Divers ajustements : adoption d'amendements portant sur la défiscalisation de certaines pensions alimentaires, la modification d'abattements fiscaux pour certaines professions et la réécriture de dispositions relatives à la taxation de holdings patrimoniales. Des propositions visant à rétablir des dispositifs antérieurs, comme l'exit tax, ont également été soutenues.
La commission a indiqué qu'elle devait encore examiner plusieurs centaines d'amendements au cours de ses journées d'instruction.
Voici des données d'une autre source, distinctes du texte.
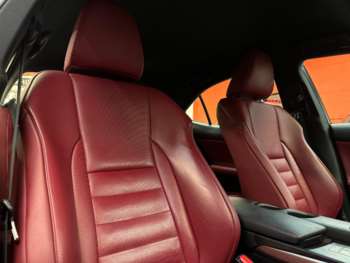 Used Lexus IS 2016 for sale - 74874873: Photo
Évaluations macroéconomiques et points d'incertitude
Certaines institutions d'évaluation ont exprimé des réserves sur la trajectoire de redressement budgétaire présentée dans le projet. L'une d'elles a estimé que les mesures proposées pourraient réduire la croissance potentielle d'environ 0,6 point de PIB par rapport aux scénarios envisagés par le gouvernement. Les effets sur l'investissement, la consommation et la lutte contre la fraude fiscale ont été identifiés comme des éléments d'incertitude. Le niveau de dette publique projeté dans les documents budgétaires a été mentionné parmi les contraintes de politique économique.
Implications pour les entreprises
Les modifications prévues dans le projet de budget présentent des implications opérationnelles et financières pour les entreprises :
Pour les entreprises industrielles, la réduction de la CVAE devrait alléger des charges de production et améliorer la trésorerie à court terme.
La rationalisation des aides et des niches fiscales impose une réévaluation des montages fiscaux et des dispositifs d'appui aux salariés et aux dirigeants.
Les conditions d'accès renforcées au régime JEI et la suppression de certaines exonérations à l'apprentissage peuvent affecter la stratégie d'innovation et de recrutement des jeunes sociétés.
Les financements nouveaux ciblés sur la décarbonation et l'hydrogène constituent des opportunités de soutien pour les projets alignés sur ces priorités.
Suite du parcours législatif
Le texte poursuit son examen en séance publique, où d'autres amendements pourront être adoptés ou rejetés. Le calendrier parlementaire et les arbitrages finaux détermineront l'adoption définitive des mesures et leur forme finale pour l'application aux exercices budgétaires concernés.